Write out the records again exactly and exclude the pictures.

=== Records to use ===

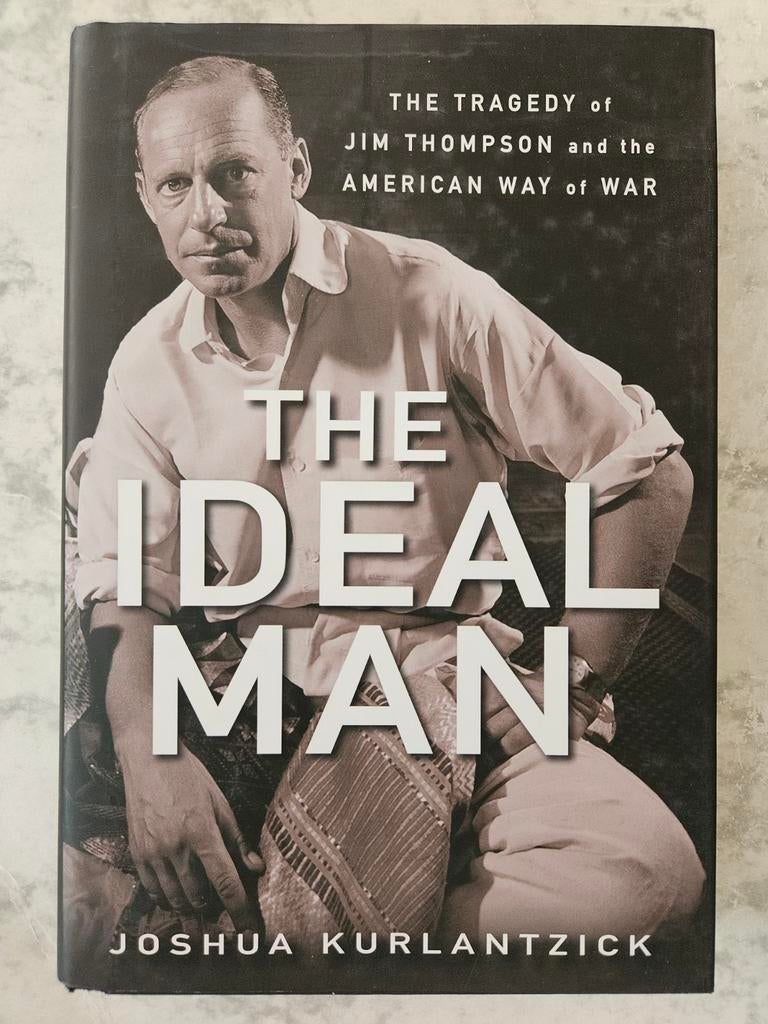 The Ideal Man: The Tragedy of Jim Thompson and the American, Ophalen of Verzenden, Zo goed als nieuw
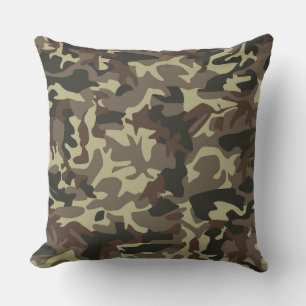 Dunne Camouflage Decoratief Pillow Kussen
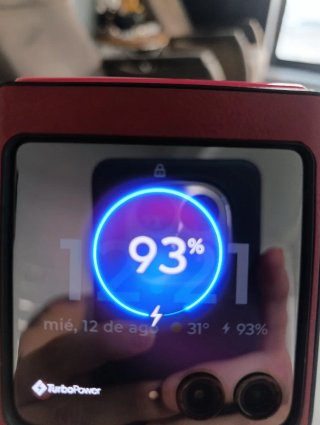 Motorola Razr 40 Ultra Rojo 256GB 8 GB ram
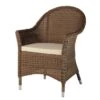 San Marino Curved Top Armchair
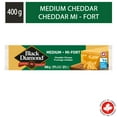 thumbnail image 1 of Black Diamond Medium Cheddar Cheese Bar, 1 of 8
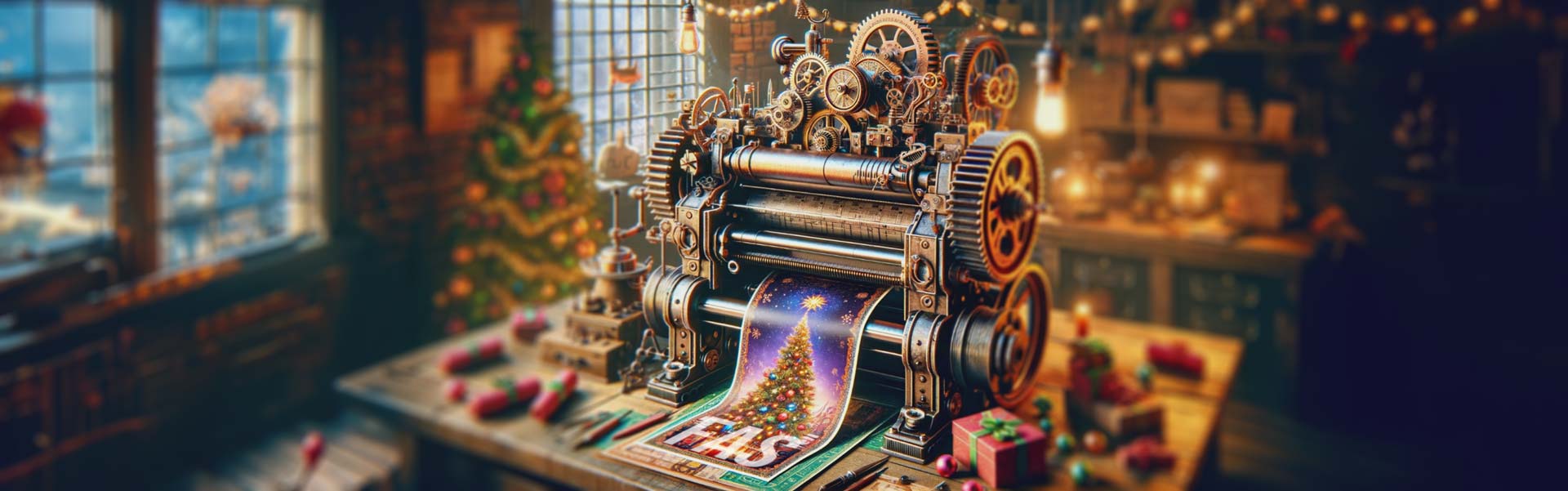 Christmas & Seaosnal Printed Product Range - FAS Printing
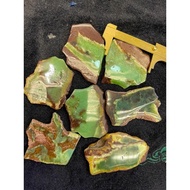 Chrysoprase polished stone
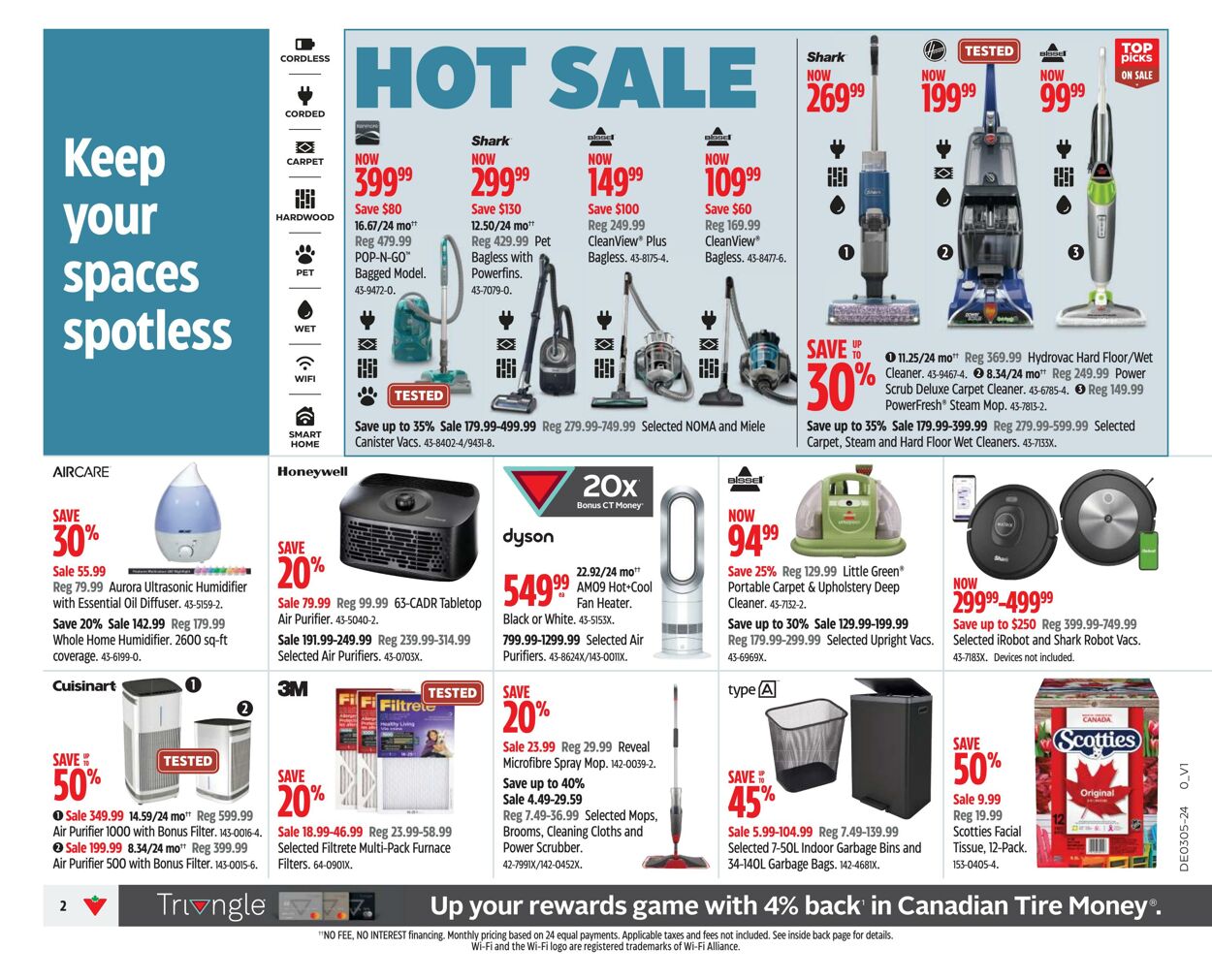 Flyer Canadian Tire 25.01.2024 - 31.01.2024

===

▶ [The completed task]
 The Ideal Man: The Tragedy of Jim Thompson and the American, Ophalen of Verzenden, Zo goed als nieuw
 Dunne Camouflage Decoratief Pillow Kussen
 Motorola Razr 40 Ultra Rojo 256GB 8 GB ram
 San Marino Curved Top Armchair
 thumbnail image 1 of Black Diamond Medium Cheddar Cheese Bar, 1 of 8
 Christmas & Seaosnal Printed Product Range - FAS Printing
 Chrysoprase polished stone
 Flyer Canadian Tire 25.01.2024 - 31.01.2024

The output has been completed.